В последние дни Копешкину стало худо. Говорил он все реже, да и то безголосо, одними только губами, и надо было напрягаться, чтобы что-то разобрать в его невнятном шепоте. Несколько раз ему вливали свежую кровь, но все равно что-то ломало его, жгло под гипсовым скафандром. Он и вовсе усох лицом, резко проступили заросшие ржавой щетиной скулы, обрить которые мешали бинты. Иной раз было трудно сказать, жив ли он еще в своей скорлупе или уже затих навечно. Лишь когда дежурная сестра Таня подсаживалась к нему и начинала кормить с ложки, было видно, что в нем еще теплится какая-то живинка.

— Ты давай ешь,— наставлял его Бородухов.— Перемогайся, парень. Вон скоро и война кончится. Пошто уж теперь зазря гинуть-то.
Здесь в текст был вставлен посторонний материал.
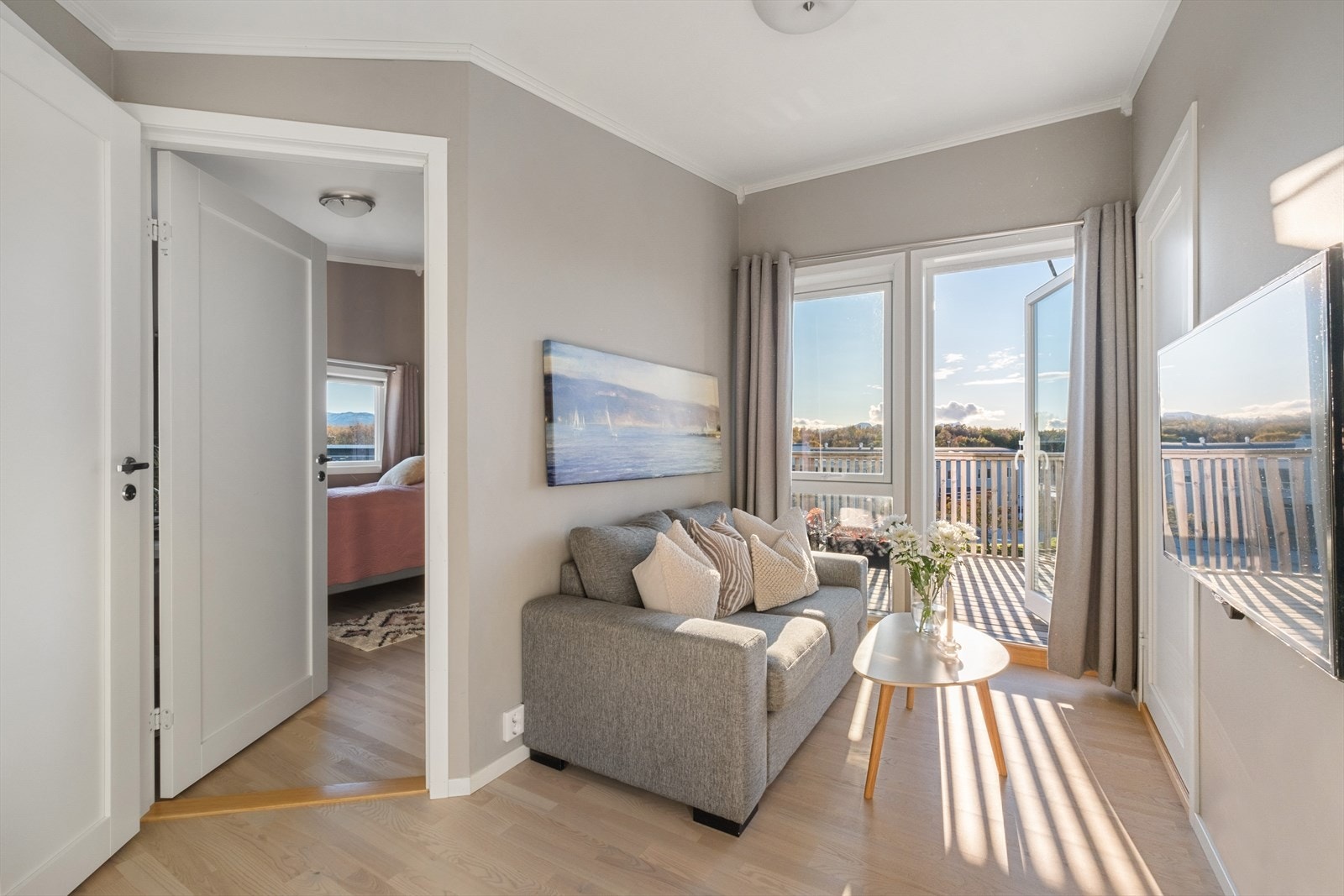 Loft med utgang til stor veranda/ takterrasse Galleribilde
Копешкин, будто внемля совету, чуть приоткрывал сухие губы, но зубов не разнимал, крепко держал ими свою боль, сестра цедила с ложки супную жижу сквозь желтые прокуренные резцы.

— Ему бы клюквы надавить,— говорил Бородухов, поглядывая на терпеливо сидевшую возле Копешкина сестру с тарелкой на коленях.— Дак где ж ее взять… Нежели посылку из дому затребовать. У нас ее сколь хошь. Вот как до́бро жар утушает, клюква-то.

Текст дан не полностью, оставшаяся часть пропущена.